Hi Everyone,
I have to extract a file path from a path.
The path will be in the format C:\a\b\c\abc\xyz\abc.h.
I want to skip first 4 folders. That is in this example i want to extract \abc\xyz\abc.h.
How can i dot it using regex?
hi @gcusello ,
I am not able to get the path \xyz\abc.h using this regex..
Hi @anooshac,
wher there are more backslashes there is an issue, so please try:
| rex field=your_field "^\w:\\\\w+\\\\w+\\\\w+\\\\w+(?<filename>.*)"
ciao.
Giuseppe
hi @gcusello , still i am not able to extract.
Hi @anooshac,
the second regex is correct, as you can check at https://regex101.com/r/kpyTLl/2,
in Splunk is different when you have backslashes, so you can try:
| rex field=your_field "^\w*:\\\\\w*\\\\\w*\\\\\w*\\\\\w*\\\\(?<filename>.*)"
as you can check using the following search:
| makeresults
| eval my_field="C:\a\b\c\abc\xyz\abc.h"
| rex field=my_field "^\w*:\\\\\w*\\\\\w*\\\\\w*\\\\\w*\\\\(?<filename>.*)"
Ciao.
Giuseppe
Hi @gcusello ,
I tested it and it is working fine. The paths in my data are vary from another. I may have data something like this. In these conditions will it work.
C:\a\b\c\abc.pqr.a1.b1.jkl\xyz\abc.h
OK. Assuming that:
1. You always have a drive letter at the beginning
2. You don't have "empty parts" (you don't have consecutive backslashes which are syntactically correct if you want to specify a file path but are typically not returned as a path to existing file)
3. You want to extract the part after the first four components
The regex to do so would be like that:
[a-zA-Z]:\\\\([^\\]+\\){4}(?<remainder>.*)
The "remainder" capture group will capture the path after first four directories.

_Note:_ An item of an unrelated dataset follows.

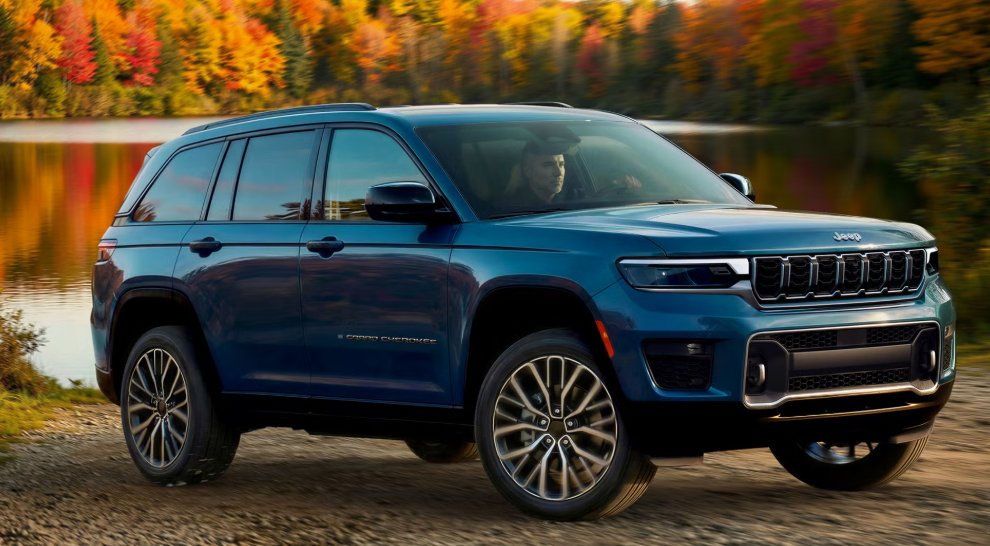 2027 Jeep Grand Cherokee SRT Colors Guide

Of course if you want to do it with "rex" command in Splunk, you need to escape all backslashes which makes it something like this:
| rex "[a-zA-Z]:\\\\\\\\([^\\\\]+\\\\){4}(?<remainder>.*)"
Hi @anooshac,
let me understand, you could have different log formats: "C:\a\b\c\abc\xyz\abc.h" or ""C:\a\b\c\abc.pqr.a1.b1.jkl\xyz\abc.h", is it correct?
in this case, you could try:
| rex field=your_field "^\w*:\\\\[^\\\]*\\\\\w*\\\\[^\\\]*\\\\[^\\\]*\\\\(?<filename>.*)"
that you can try using this search:
| makeresults
| eval your_field="C:\a\b\c\abc\xyz\abc.h"
| append [ | makeresults | eval your_field="C:\a\b\c\abc.pqr.a1.b1.jkl\xyz\abc.h" ]
| rex field=your_field "^\w*:\\\\[^\\\]*\\\\\w*\\\\[^\\\]*\\\\[^\\\]*\\\\(?<filename>.*)"
Ciao.
Giuseppe
Hi @anooshac,
I suppose that you have this path in a field, so you could use something like this:
| rex field=your_field "^(?<path>\w:\\\w+\\\w+\\\w+\\\w+)"
that you can test at https://regex101.com/r/kpyTLl/1
It could be possible that there's an issue for a difference between regex101.com and Splunk, so, if the above regex doesn't run, please try this:
| rex field=your_field "^(?<path>\w:\\\\w+\\\\w+\\\\w+\\\\w+)"
Ciao.
Giuseppe
Hi @gcusello , Thanks for the response..
I don't want to extract the first 4 folders.. I want to skip them and extract the rest of the path.. I was finding hard writing a regex.. How can i do this?
Hi @anooshac,
it's the same thing:
| rex field=your_field "^\w:\\\w+\\\w+\\\w+\\\w+(?<filename>.*)"
Ciao.
Giuseppe